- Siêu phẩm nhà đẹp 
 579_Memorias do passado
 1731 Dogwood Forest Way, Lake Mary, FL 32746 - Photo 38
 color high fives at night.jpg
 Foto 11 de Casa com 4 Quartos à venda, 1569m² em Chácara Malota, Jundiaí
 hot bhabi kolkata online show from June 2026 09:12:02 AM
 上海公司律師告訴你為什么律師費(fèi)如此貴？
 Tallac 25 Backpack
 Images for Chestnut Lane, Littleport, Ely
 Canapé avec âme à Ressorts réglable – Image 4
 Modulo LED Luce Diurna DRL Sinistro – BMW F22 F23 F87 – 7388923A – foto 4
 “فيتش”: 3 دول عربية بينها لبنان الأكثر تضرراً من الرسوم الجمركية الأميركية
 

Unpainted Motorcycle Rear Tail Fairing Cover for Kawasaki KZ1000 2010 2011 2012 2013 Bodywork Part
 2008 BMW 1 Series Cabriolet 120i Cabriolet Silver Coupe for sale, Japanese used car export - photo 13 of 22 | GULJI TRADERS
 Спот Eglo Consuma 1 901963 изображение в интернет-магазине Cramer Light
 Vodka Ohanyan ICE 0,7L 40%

☆ ☆ ☆

- **Exercise objective**
Exactly as they appear above, output the lines of the data from the first through the one that contains "Images for Chestnut Lane, Littleport, Ely", and only those lines.

- **Solved problem**
- Siêu phẩm nhà đẹp 
 579_Memorias do passado
 1731 Dogwood Forest Way, Lake Mary, FL 32746 - Photo 38
 color high fives at night.jpg
 Foto 11 de Casa com 4 Quartos à venda, 1569m² em Chácara Malota, Jundiaí
 hot bhabi kolkata online show from June 2026 09:12:02 AM
 上海公司律師告訴你為什么律師費(fèi)如此貴？
 Tallac 25 Backpack
 Images for Chestnut Lane, Littleport, Ely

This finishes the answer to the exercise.